*** GIVEN INFORMATION ***

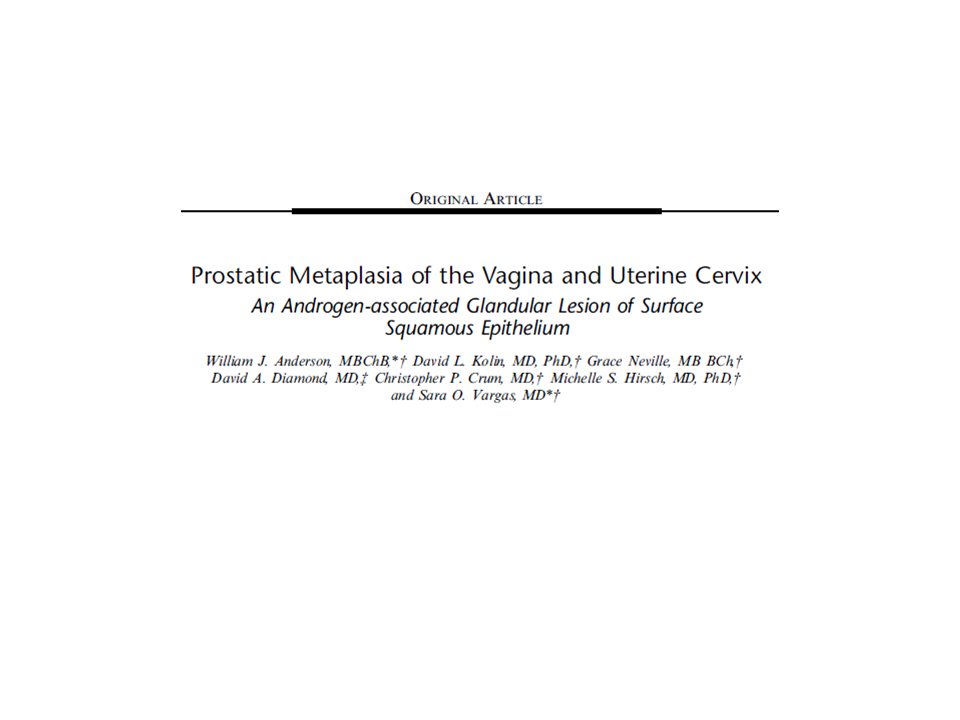 sovargasmd's tweet image. Why would vaginas resected in #genderaffirmingsurgery be carpeted by prostate? New paper showing #GYNPath in @AJSPjournal. Similar changes in hormone-treated #transgender patients and in #PediPath patients with endogenous androgen excess support a common cause!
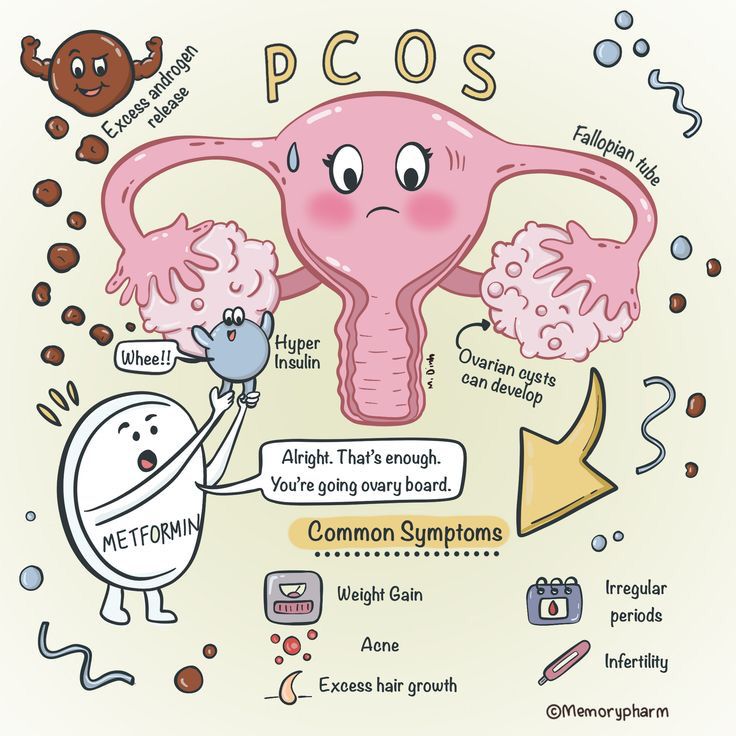 What is PCOS? Causes, Symptoms, and Treatment Facts| HEH 1 WhatsApp Image 2025 07 11 at 10.06.38 PM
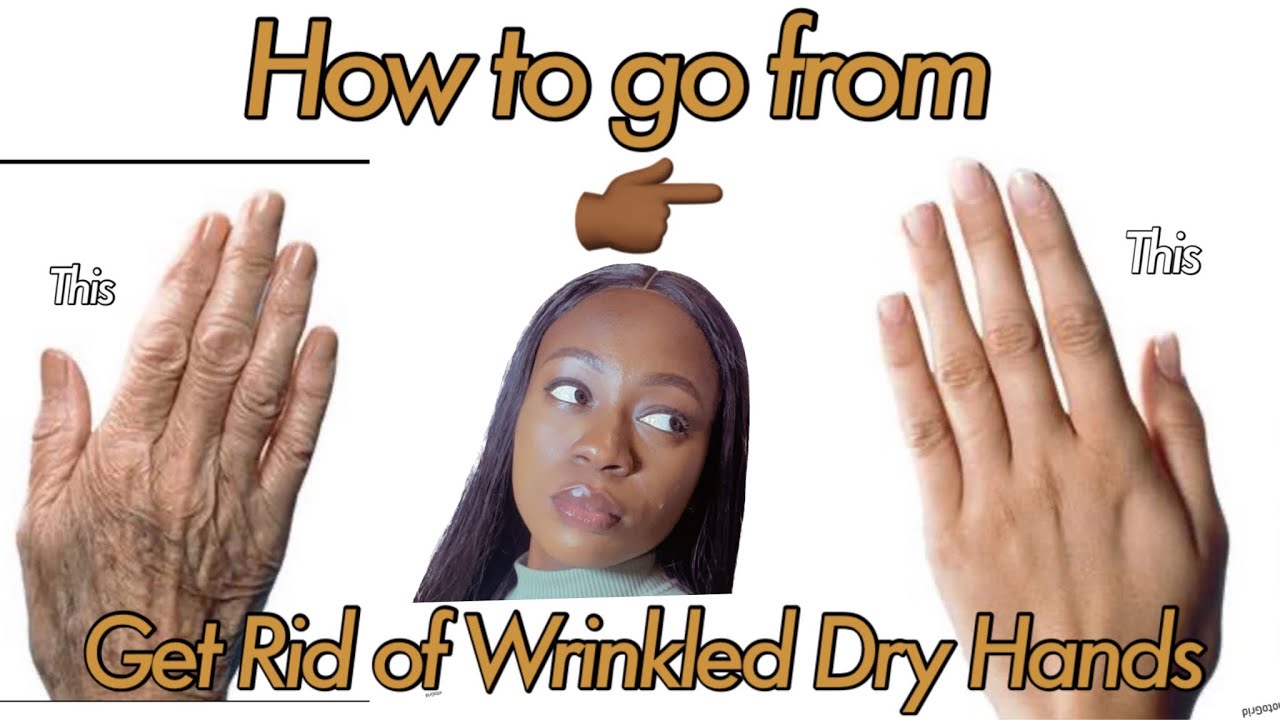 HOW TO STOP AGING HANDS, REDUCE WRINKLES,DRYNESS,HYPERPIGMENTATION AND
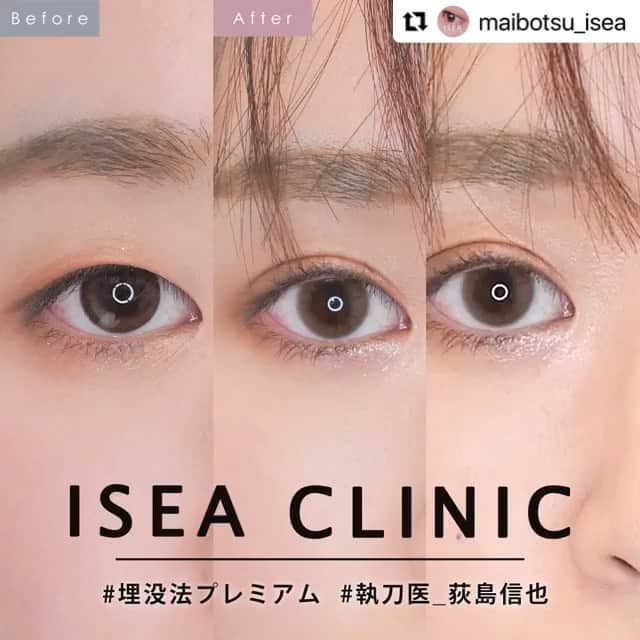 東京イセアクリニックのインスタグラム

*** End of GIVEN INFORMATION ***

» **WHAT IS BEING ASKED**:
Once the pictures are set aside, give the rest of the material again unchanged.

» **RESPONSE TO THIS EXERCISE**:
 sovargasmd's tweet image. Why would vaginas resected in #genderaffirmingsurgery be carpeted by prostate? New paper showing #GYNPath in @AJSPjournal. Similar changes in hormone-treated #transgender patients and in #PediPath patients with endogenous androgen excess support a common cause!
 What is PCOS? Causes, Symptoms, and Treatment Facts| HEH 1 WhatsApp Image 2025 07 11 at 10.06.38 PM
 HOW TO STOP AGING HANDS, REDUCE WRINKLES,DRYNESS,HYPERPIGMENTATION AND
 東京イセアクリニックのインスタグラム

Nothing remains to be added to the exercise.